Cette semaine, Nate Silver, statisticien reconnu, a lancé une critique sévère de X : selon lui, la plateforme n’est plus un outil fiable pour suivre les événements en direct, car son algorithme pénalise systématiquement les publications qui renvoient vers l’extérieur. Ce constat a des répercussions immédiates pour les médias et pour le public qui cherche de l’information vérifiée en temps réel.

Des grands noms peu visibles, des collecteurs très engagés

Le contraste est frappant quand on compare l’audience raw aux interactions réelles. Un grand quotidien international, malgré des dizaines de millions d’abonnés, enregistre souvent des publications avec seulement quelques centaines d’engagements. À l’inverse, des comptes agrégateurs, sans newsroom ni journalistes, obtiennent des milliers d’interactions tout en comptant beaucoup moins d’abonnés.

Le point clé : ces agrégateurs publient rarement des liens externes, tandis que les médias traditionnels les incluent très souvent — une pratique pourtant cruciale pour diriger le lecteur vers un article complet.

Chiffres tirés d’un échantillon récent

Une analyse menée par le Nieman Lab, qui a employé un assistant IA pour extraire et mesurer les 200 derniers tweets de plusieurs grands comptes médias, met en lumière des pratiques divergentes.

  • CNN : près de 90% des posts contiennent un lien.
  • Wall Street Journal : environ 98% des publications comportent un lien.
  • Un grand quotidien : près de 88% des tweets incluent un lien (cas cité par l’analyse).
  • Fox News : seulement ~9% de posts avec lien ; privilégie vidéos et images intégrées.

Conséquence : les contenus qui restent « natifs » à la plateforme génèrent sensiblement plus d’engagement que ceux qui pointent vers un site externe.

La réponse de la plateforme et la stratégie des médias

Interpellée, la direction produit de X a d’abord mis en cause la forme des publications — encourageant les rédactions à produire des posts plus « réfléchis » plutôt que de se contenter d’un titre et d’un lien.

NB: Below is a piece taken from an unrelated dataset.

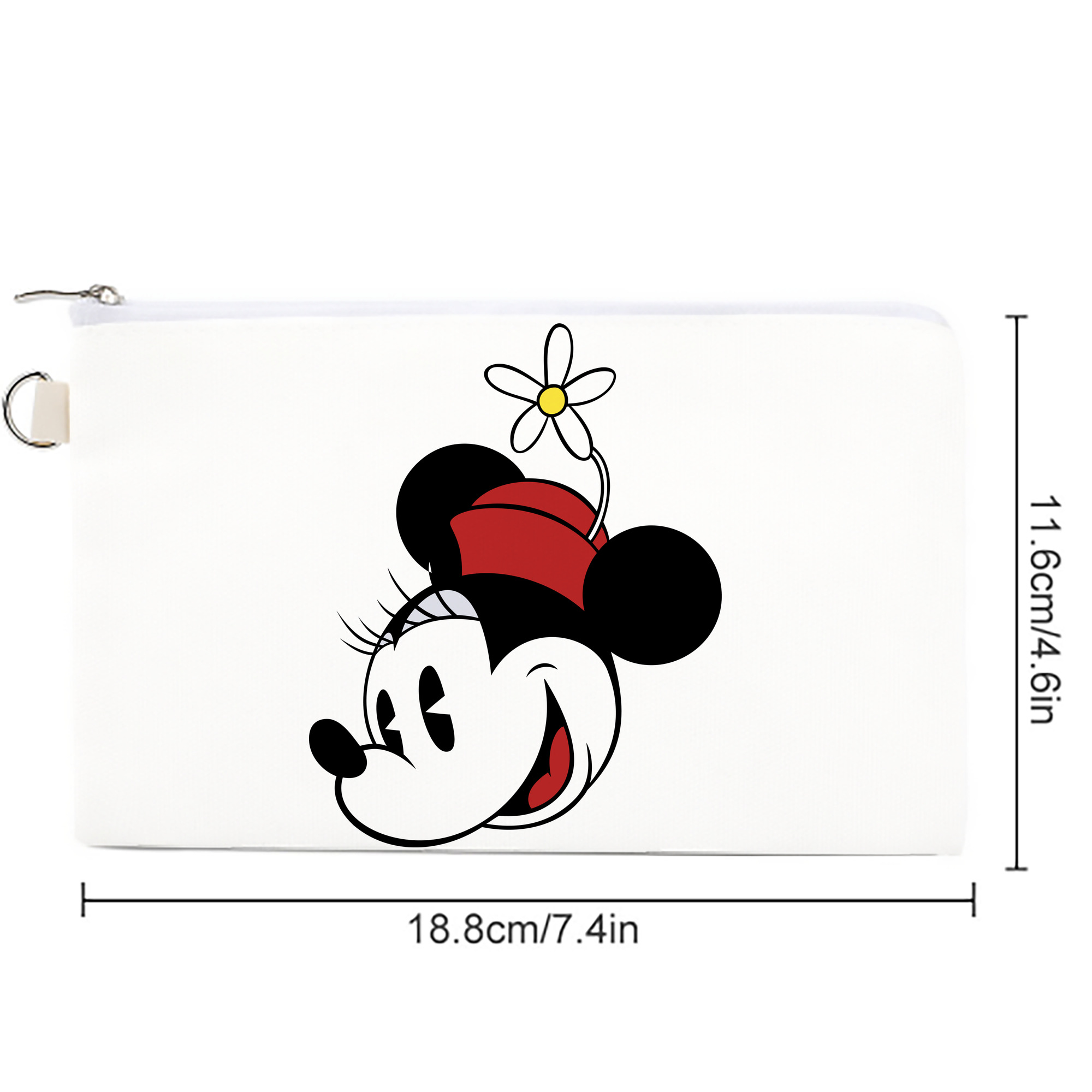 ミッキーマウス Mickey Mouse キャンバス生地ポーチ　小物入れ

Cette réponse évite toutefois la question centrale : l’algorithme privilégie-t-il les contenus qui retiennent les utilisateurs sur X ?

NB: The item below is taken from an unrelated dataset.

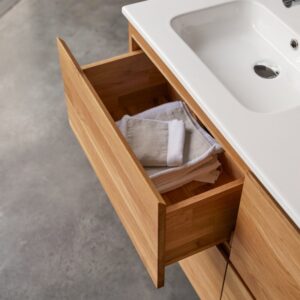 wohnli-moebel-suche-M23014887-1 Badezimmermöbel aus massiver Eiche und Keramik 120 cm 121x90x46cm Holz Weiß Tikamoon Möbel Badezimmermöbel Badezimmerschränke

Dans la pratique, certains acteurs l’ont déjà compris. En limitant les liens et en misant sur des formats multimédias natifs, ils captent l’attention et grimpent dans les classements d’engagement, au détriment des éditeurs qui cherchent à ramener le lecteur sur leur site.

Pourquoi cela importe pour le financement du journalisme

Depuis plusieurs années, de nombreux médias anglophones reposent sur un modèle par abonnement. Or vendre des abonnements suppose d’attirer du trafic qualifié vers son site. Si la plateforme qui fédère les conversations réduit la visibilité des publications contenant des liens, le transfert d’audience vers les paywalls devient plus difficile.

Autre point : X ne génère pas, en l’état, le même volume de trafic sortant qu’auparavant — et il freine désormais la diffusion rapide de l’information. En dix ans, plusieurs fonctions essentielles du réseau social pour la presse ont été amoindries sans annonce claire, affirment des observateurs.

Ce que cela implique pour les rédactions et les lecteurs

Les conséquences sont pratiques et stratégiques.

  • Pour les rédactions : trouver un équilibre entre formats natifs performants sur la plateforme et la nécessité d’attirer des visiteurs sur le site payant.
  • Pour les abonnements : repenser les parcours d’acquisition quand la portée organique décroît.
  • Pour les lecteurs : multiplier les sources et vérifier les origines des informations, car la chronologie de diffusion change.

Vers quoi aller ?

Le message de Nate Silver agit comme une alerte : la mécanique actuelle des flux sociaux peut isoler le travail journalistique derrière des murs invisibles. Les solutions seront sans doute hybrides — adaptation des formats, diversification des canaux d’acquisition, et demande accrue de transparence algorithmique de la part des plateformes.

À court terme, l’enjeu est clair : préserver la capacité des médias à diffuser des enquêtes et des scoops en temps réel sans sacrifier leur modèle économique. Pour le public, cela signifie rester attentif et privilégier la vérification des sources, plutôt que de se fier uniquement à la viralité d’un post.